How wild do you think it was to the Klingons that a side-effect of the peace treaty with the Federation, that Raktajino, the only thing slightly less commonly drunk than blood wine, and even then, only so klingons can drink more blood wine, becomes the defacto drink of choice of every species of the known galaxy? Practically everyone in the federation has their own personal blend, additions, toppings, additions in their favourites of their replicators. They see humans drinking it like they drink blood wine. It's become so common in their culture that no one says "coffee" anymore, they say "Raktajino" since it's assumed that everyone else is drinking it. They've seen cardassians drink it. It's been on the desks of Bajorans since the resistance and can still be found on the desks of the very heads of their clergy.
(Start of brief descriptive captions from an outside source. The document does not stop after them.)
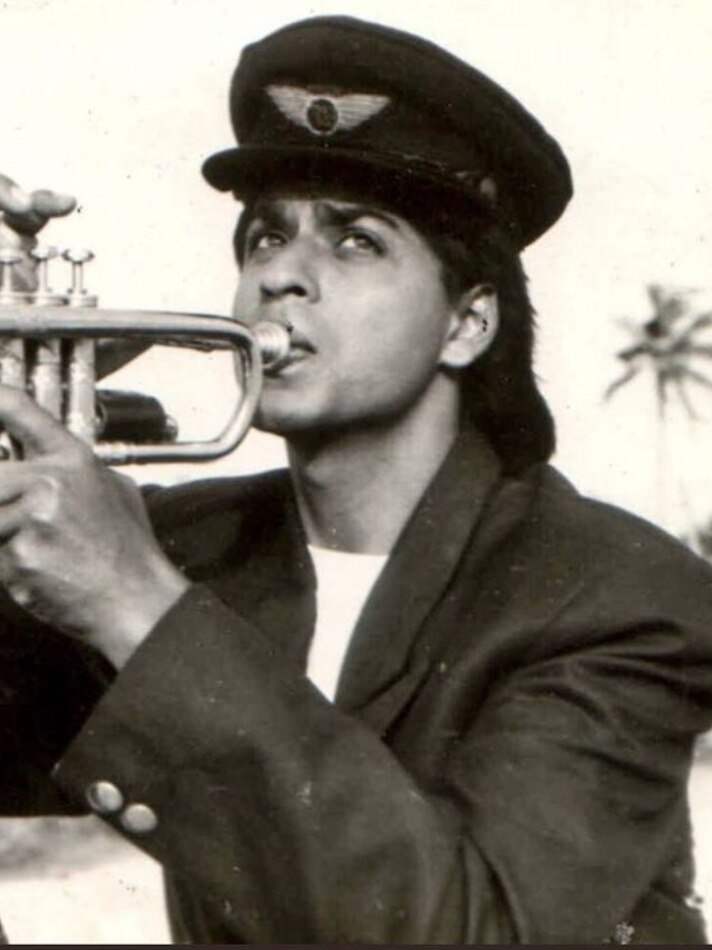 शाहरुख खान ने शेयर की थ्रोबैक फोटो, बताया किसको रोज करते हैं मिस, फैंस इम्प्रेस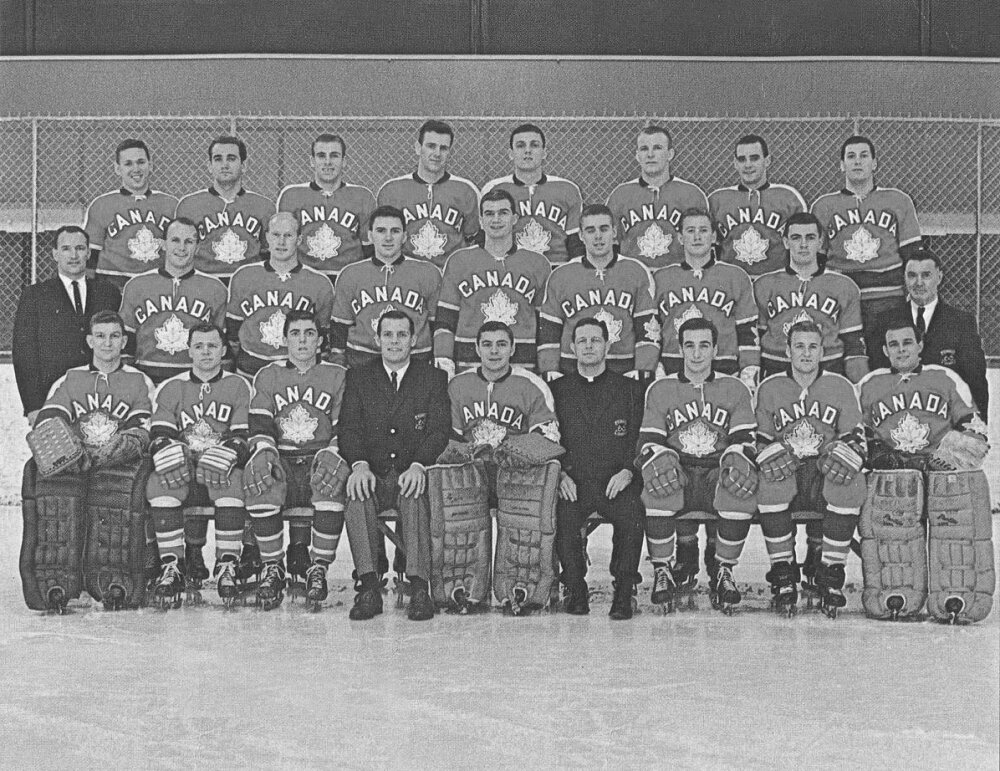  Сборная Канады образца 1964 года: Нижний ряд: Сет Мартин, Дэйв Меррифилд, Роже Бурбонне, доктор Хиндмарш (генеральный менеджер), Кен Бродерик, отец Дэвид Бауэр (главный тренер), Эл Маклин, Джек Уилсон, Ричард Бродбелт; Средний ряд: доктор Нестман (врач), Мики Макдауэл, Хенри Акерволл, Гэри Бегг, Брайан Конахер, Терри Клэнси, Росс Моррисон, Пол Конлин, Джонни Оуэн (тренер); Верхний ряд: Боб Форхен, Рэй Каксию, Маршалл Джонстон, Терри О’Мэлли, Дон Роджерс, Барри Маккензи, Гэри Динин, Джордж Сварбрик;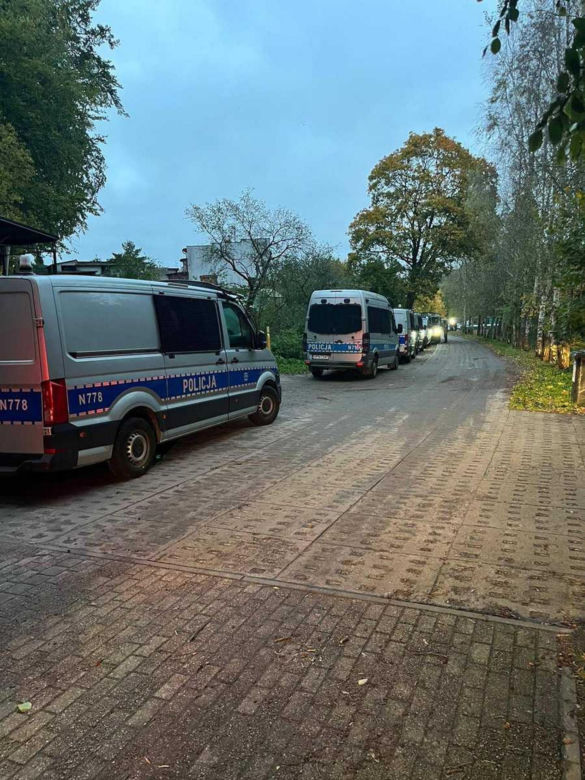 Poszukiwania domniemanego zabójcy 6-latka z Gdyni. Policja przeczesuje tereny wokół Trójmiasta [ZDJĘCIA]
There's a rumour that it's one of the few things Vorta can taste. Quark swears blind that he thinks he saw a Jem'Hadar suppress a White craving with a mug of it because he offers each customer one free Raktajino per day.
Vulcans have created the most "logical" blend that most vulcans drink. They've captured Romulan Scout vessels on their border with Raktajino options programmed into the replicator. There are civilizations out there that entered into the federation so recently they don't even know what the Klingons are just yet, somehow already know about Raktajino.
There's a borg somewhere, who's got slightly more of himself in there than other borg, but the only thing he can do is influence his fluid circuits to reroute the entry point to be his mouth and to pump Raktajino on command.
It's in the Delta Quadrant because it's the one piece of Federation knowledge that Captain Janeway is willing to tell the people they meet about it. It was to her great joy that she discovered a place where she could order some three years later.
An obscure pastry from an entirely different civilization is discovered to be an extremely effective pairing and becomes almost as famous by association alone.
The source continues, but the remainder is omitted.